The obvious way to deal with this is to introduce rent controls, which are now being employed in Scotland and have been called for by Sadiq Khan in London. Evidence suggests that rent controls are effective in reducing rents, but can lead to a fall in the supply of private rental accommodation. If more such properties are then sold to first-time buyers this may not be viewed as a problem. But given current affordability problems, what the UK clearly needs is more non-market and good-quality socially rented housing.

Err, why not build more housing so that housing is cheaper? You know, that’s how markets work. And by insisting that new housing is non-market of course you prevent market housing from getting cheaper even though you’ve just built more housing.

Twat.

8 thoughts on “Ah, yes, we have a twat here”

  1. Builders building market rate housing are trying to make a profit, and some will succeed and become unequal. Per the Guardian, that’s an even bigger problem than a lack of housing and high rents.

  2. Why not stop the entry of the hordes of immigrants who are demanding more and more housing?

    But I’d certainly agree with building more houses too.
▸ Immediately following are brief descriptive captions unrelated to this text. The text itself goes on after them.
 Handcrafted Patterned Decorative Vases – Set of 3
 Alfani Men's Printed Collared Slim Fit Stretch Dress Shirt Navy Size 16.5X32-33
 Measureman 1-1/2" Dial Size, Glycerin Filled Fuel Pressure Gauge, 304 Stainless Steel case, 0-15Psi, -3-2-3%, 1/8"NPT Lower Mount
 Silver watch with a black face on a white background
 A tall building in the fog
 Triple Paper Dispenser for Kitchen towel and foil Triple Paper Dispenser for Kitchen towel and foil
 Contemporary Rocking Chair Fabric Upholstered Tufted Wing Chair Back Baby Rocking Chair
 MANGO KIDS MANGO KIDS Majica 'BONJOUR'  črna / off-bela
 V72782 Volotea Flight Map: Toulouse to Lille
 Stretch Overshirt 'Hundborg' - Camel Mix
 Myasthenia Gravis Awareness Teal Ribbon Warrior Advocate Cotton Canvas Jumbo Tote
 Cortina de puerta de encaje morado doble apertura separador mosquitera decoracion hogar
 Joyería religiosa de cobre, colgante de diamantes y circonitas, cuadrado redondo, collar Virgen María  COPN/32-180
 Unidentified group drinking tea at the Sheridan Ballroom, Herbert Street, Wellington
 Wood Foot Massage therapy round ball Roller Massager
  3. This was even more sinister and smacked of Murphy:

    One option for homeowners facing repossession or poverty due to unaffordable mortgages, as proposed in a recent report for the Joseph Rowntree Foundation, would be for the government to support social landlords to buy the homes of mortgaged homeowners, pay off their mortgages and convert the properties to the socially rented sector. The government could fund any negative equity gap and homeowners could continue to live in their properties as social tenants, paying a rent to the government. This would shift the risk caused by the rate rises away from individuals and on to the state – but in return the state would receive an equity stake and flow of rental income, and could expand the supply of affordable housing

    Given what they have done by debanking Farage among others, this could well be adopted to deny anyone who is ‘unsound ‘on issues like big Trans, Climate Change and the desirability of any of the ‘DIE’ components housing. Truly people like this journalist embody the words of Bruce Dickinson:

    ‘The evil that men do lives on and on’

  4. VP: That’s exactly what my local council did to the father of a friend in the ’60s.

    “We want to clear the property from this area, we’ll compulsarily purchase your house and give you a council house.”
    #Oooo, great, I’ll sell it and retire to somewhere.
    “No, we’ll let you *rent* a council house”
    So, steal asset, convert retirement of not having to pay for accommodation into lifetime of paying for accommodation to the people who have forced you into paying.

  5. @ jgh
    In the 1950s my local Socialist council compulsorily purchased a lot of houses for slum clearance and paid, in some cases, £2 for a house.
    This was OK because the price had been set by the District Valuer.
    Someone remind me who employs the District Valuer …

  6. @john, judging by an event in my father’s finances in my boyhood the District Valuer might just have looked at the rent being paid and multiplied it by some standard factor. If the property was rent-controlled at thruppence a month (say) then you end up with valuations like a couple of quid.

  7. Conversely, if the right to sell your house to the council is optional, there’ll be adverse selection: only people with houses in a terrible state will sell them to the council.

  8. Bloke in North Dorset

    My step niece bought her council flat a long time ago but because it was in a block of flats she had to give the council the right to buy it back if she put it on the market. No problem, when the time came she got 3 valuations and the council accepted middle one.

    The problem came when she needed to sell to buy somewhere else, the council moved at a pace that would have embarrassed the most incompetent solicitor and she lost one house because of their delays.